教育費の効果的な貯め方7つ 計画的な準備で大学までの学費に備える

目次

「教育費って今後いくらかかるんだろう?足りるんだろうか……」
教育費は子育てをする多くの方にとっての悩みの種ではないでしょうか。学費に塾などの習い事、それらの費用感について解説した上で、計画的に貯める7つの方法を紹介します。

1教育費はいくら必要か

  • (画像= SB/ stock.adobe.com)

教育費はいくら必要なのか確認していきましょう。

公立と私立で違う学習費

文部科学省が公表している学習費に関する資料の中で、2021年3月末時点で取得できる最新の情報によると、幼稚園から高校までの各学年の学習費の平均は以下のとおりです。

進学先が公立か私立かによって費用が大きく変わります。すべて公立だと年平均35万円ほどでトータル540万円ほどですが、すべて私立だと年平均120万円、トータル約1,830万円となっています。

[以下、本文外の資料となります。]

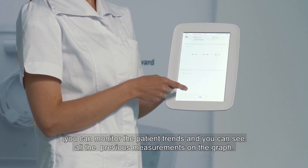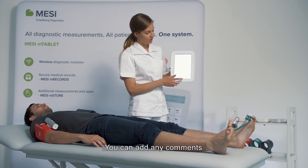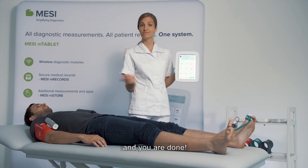You can monitor the patient's trends and you can see all the previous measurements on the graph. You can add any comments and you're done. In a minute!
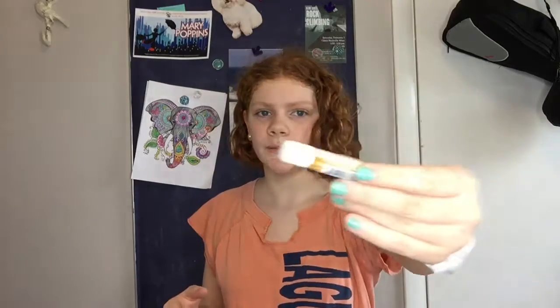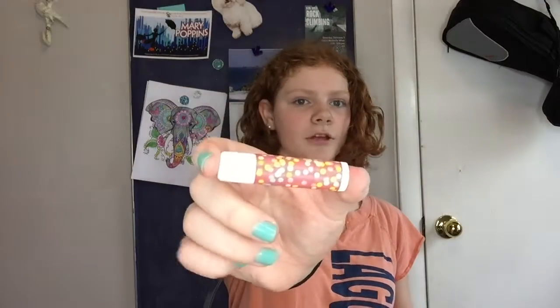Another thing you can customize is your chapstick, because plain chapstick is kind of boring with just labels and different things. It's so much fun to customize it. I'm going to show you with some of this cute little polka dot confetti washi tape — look how cute this looks!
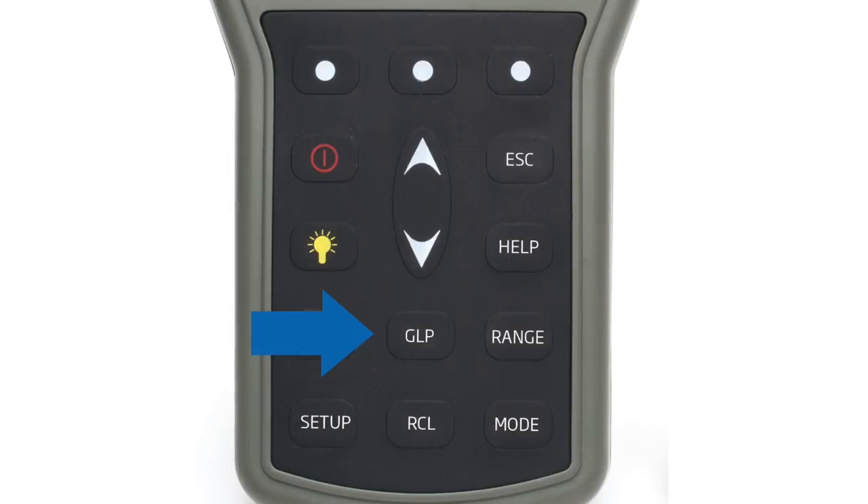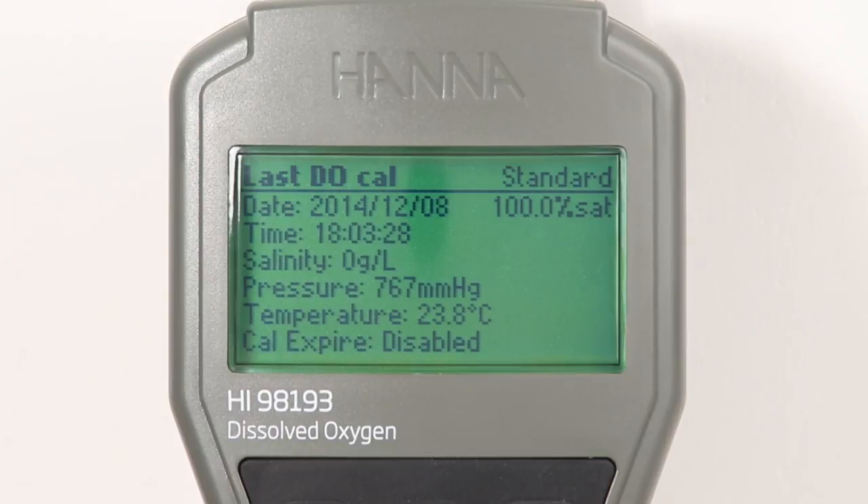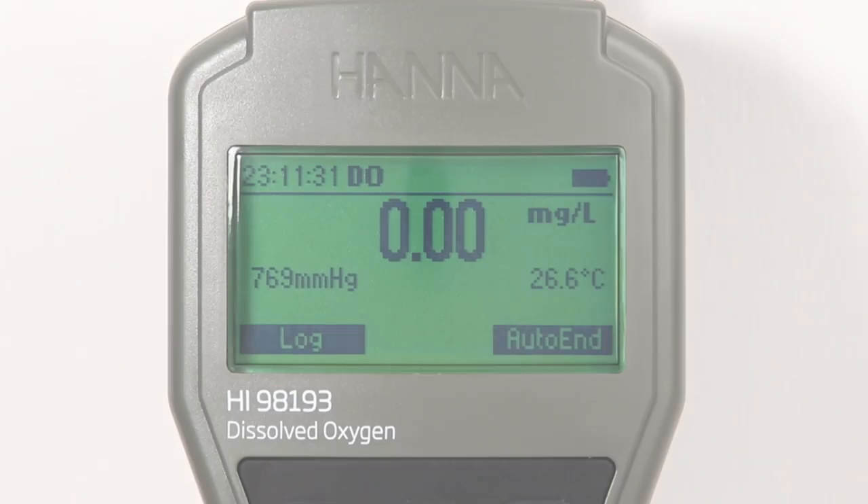Calibration data is stored upon exiting and can be reviewed by pressing the GLP button. The GLP data includes the last calibration date, the standards that were used, salinity, pressure, temperature, time, and days to expiration if enabled.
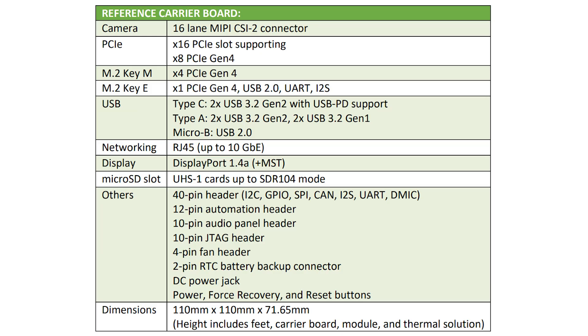And if you look at the carrier board that the module plugs into, you've got interfaces there for a camera, you've got the PCIe slot, you've got two M.2 slots — one for the Wi-Fi, one for the SSD. You've got two USB 3.2 Gen 2 ports with USB power delivery, and then two USB 3.2 Gen 2 and two USB 3.2 Gen 1 ports. There's an RJ45 socket for 10 gigabit ethernet. There's a DisplayPort — that's version 1.4a. A micro SD card slot, and then you've got various headers, including the normal GPIO headers, debug headers, fan headers, and so on.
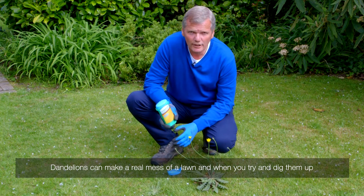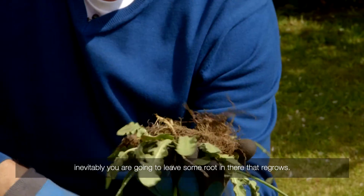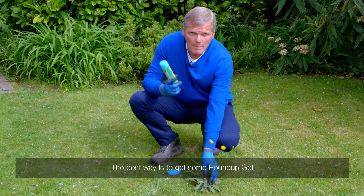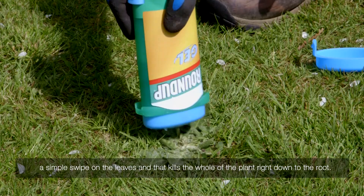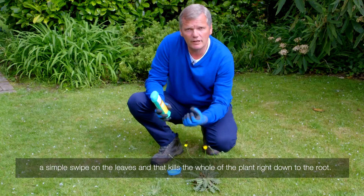Dandelions can make a real mess of a lawn, and when you try and dig them up, inevitably you're going to leave some roots in there that regrow. The best way is to get some Roundup Gel — a simple swipe on the leaves, and that kills the whole of the plant right down to the roots.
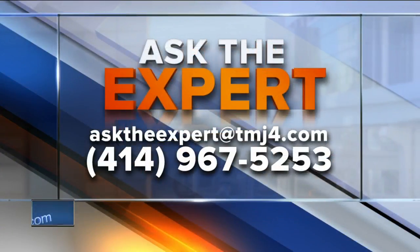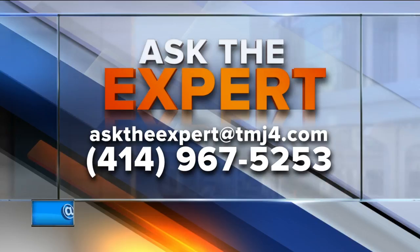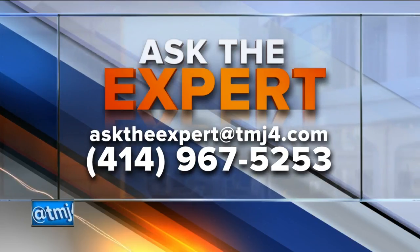You can go online and look up more of his workout plan. If you have a question for our experts, you can email them at asktheexpert@todaystmj4.com, or leave a voicemail at the number on your screen.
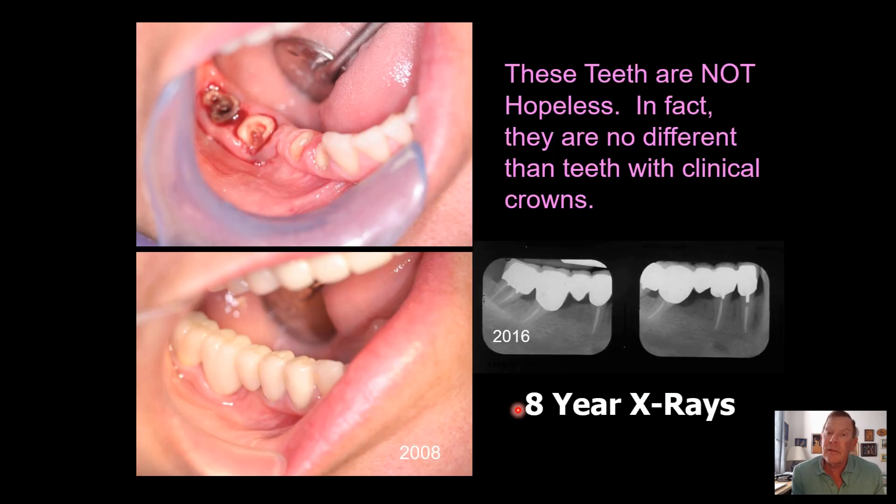I also have a lot of teeth like this that support bridge work. And I don't think these are bad teeth because when I look at a patient, I only care about what's below the gingiva — I don't care about what's above the gingiva. So if there's enough root structure and the root and the bone are adequate below the gingiva, I can make dentistry and save that patient's teeth.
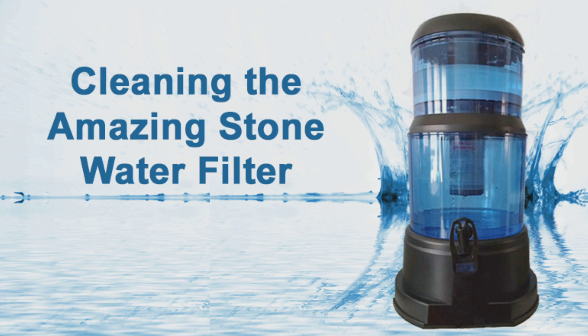After about 1,000 gallons of water have flowed through your amazing stone water filter, or about once a year, the ceramic stone filter should receive a maintenance cleaning.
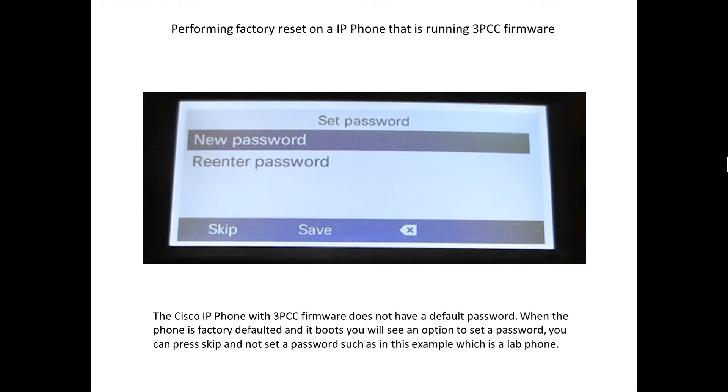Now that the phone has completed the factory reset and boots up, you'll get prompted to enter a new password. By default, the 3PCC Cisco phones do not have a password. If you skip the password prompt, the phone will have no password. This is an item that comes up very often as a question — so unless you've entered a password, the phone does not have one.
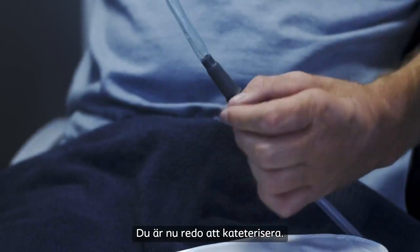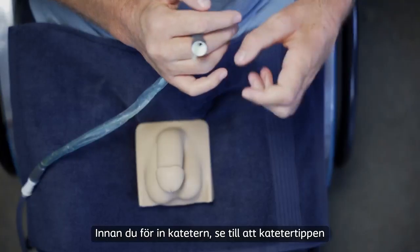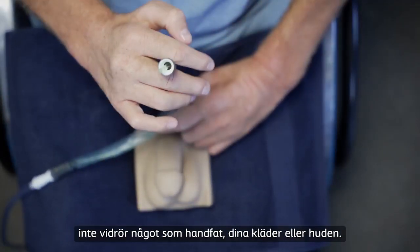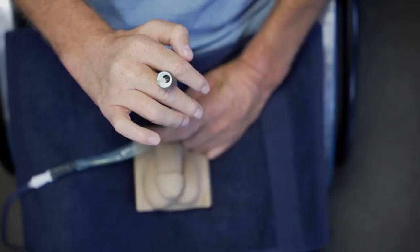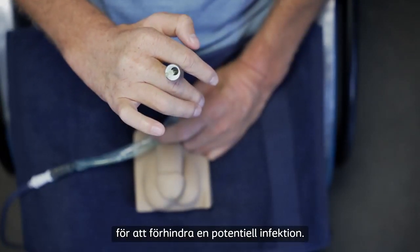You're now ready to catheterize. Before you insert the catheter, make sure the catheter tip doesn't touch anything like the sink, your clothes, or skin. If it does, you must use a new catheter to prevent a potential infection.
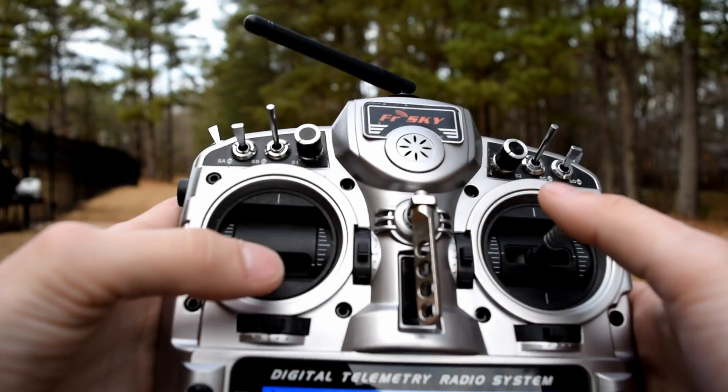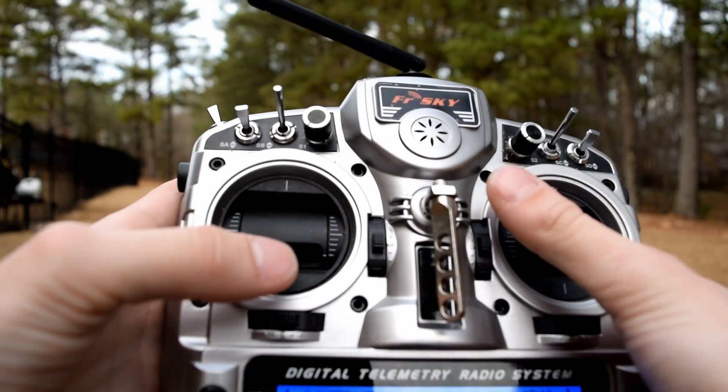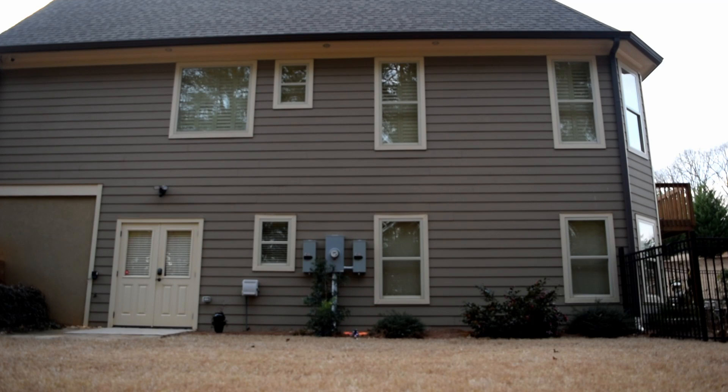Now for a faster version. This is what your quadcopter should look like when you do your flip. Just a handy reminder: make sure to flip all 360 degrees before you throttle up, and make sure that you throttle down before you rotate.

ただ、これは2018年の統計です。2019年からは「幼保無償化」として3歳~5歳の子の幼稚園や保育園の利用料が無料になる制度が始まり、2020年からは「私立高校授業料実質無償化」として返還不要の就学支援金制度が拡充されています。上記グラフよりも負担が軽減している可能性は高いです。

ただし、親の収入によっては無償化の対象にならなかったり、「利用料」や「授業料」の負担はなくなってもそれ以外の費用は引き続きかかったりするので要注意です。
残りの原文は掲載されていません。